Manufacturer of luxury vehicles Jaguar Land Rover (JLR) has announced that it is investing £65 million in the ‘sustainable expansion’ of its luxury paint operations in the UK and Europe.
This decision was driven by an increase in demand for personalised colour options. JLR has reported that demand for these services has more than doubled since the end of the 2022 financial year.
In order to help meet this demand, JLR will open two new paint facilities – one in Castle Bromwich in the UK’s West Midlands, and another in Nitra, Slovakia. These new paint shops will reportedly support over 17,000 additional client orders per year and make JLR’s most exclusive paint colours available for the first time across its other brands.
A total of £41m will be invested in making the Castle Bromley site the new home of SVO paint operations, with £26m to be injected to ‘replace existing paint booths at the site with all-new highly efficient state‑of‑the‑art application booths’.
Set to be installed in 2025, these booths will use ‘energy-efficient technology and filtration techniques’ to cut energy and water use, while fully automated spray robots will reduce paint waste by 30% compared with hand painting methods.
Jamal Hameedi, Jaguar Land Rover’s director of SVO, explained: “SVO is all about offering our clients unparalleled performance, luxury and capability. That includes the most exclusive, high-quality colour finishes available.
“Range Rover clients are increasingly choosing to tailor their vehicles with more exclusive bespoke and elevated palette paints. By increasing our capacity we can satisfy the demand growth from our Range Rover clients and also expand this service for the first time to clients of our other brands.

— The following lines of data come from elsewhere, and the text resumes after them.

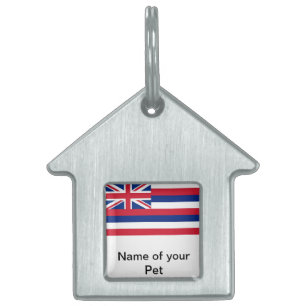 Pet Tag with Flag of Hawaii State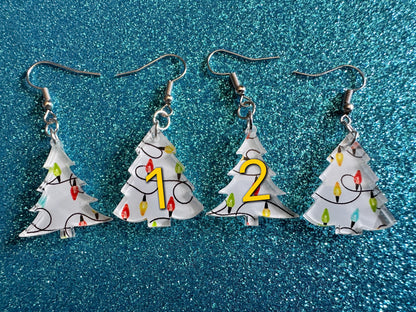 Christmas Tree Earrings: Laser Cut Acrylic Trees, Green Earrings, Xmas, Winter, Christmas Lights, Fairy Lights, Gifts for Her/Him/Them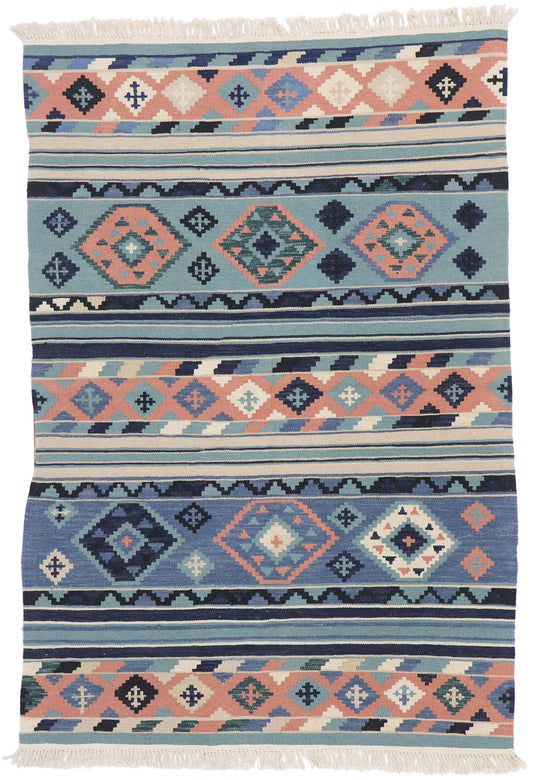 4 x 6 Vintage Persian Shiraz Kilim Rug 77816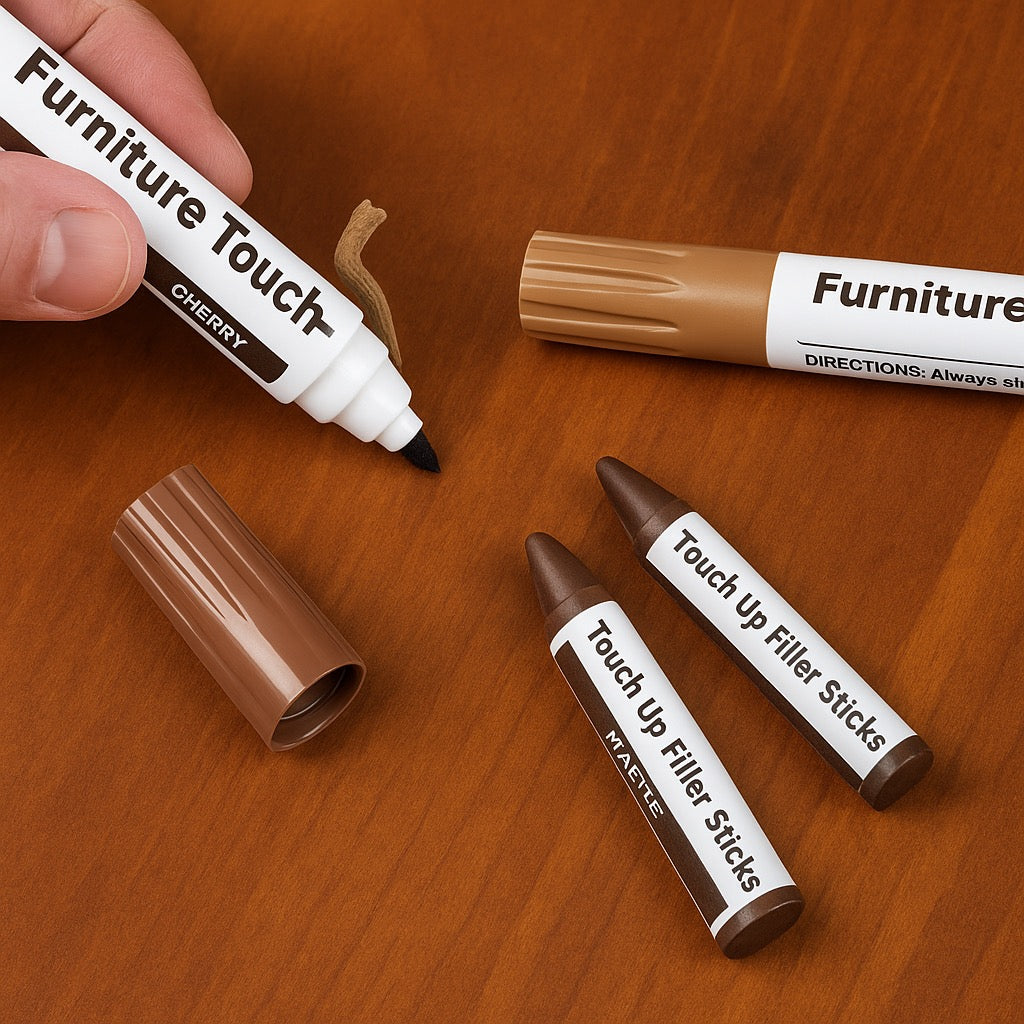 Set Markera i Voštanih Boja za Popravku Oštećenja na Drvenim Površinama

A further £10m will be invested in the construction of a new universal paint line this year in Slovakia, where Land Rover’s Defender and Discovery models are manufactured. As well as a new fully electric paint booth, the Nitra site will benefit from new electric curing ovens, which JLR says ‘will avoid around 500 tonnes of CO2e per year’.
Plus, a new Smart Oven control system has also been installed to help optimise existing operations; this system ‘automatically shuts itself down when it detects inactivity’. And a new heat exchanger will also be installed to ‘recover heat from the paint shop flue gas and transfer it into the heating and cooling water production, improving system efficiency and saving around 2,250 tonnes of CO2e per year, the equivalent of using 2,200 barrels of oil’. The exchanger will also save JLR around £750,000 each year, it says.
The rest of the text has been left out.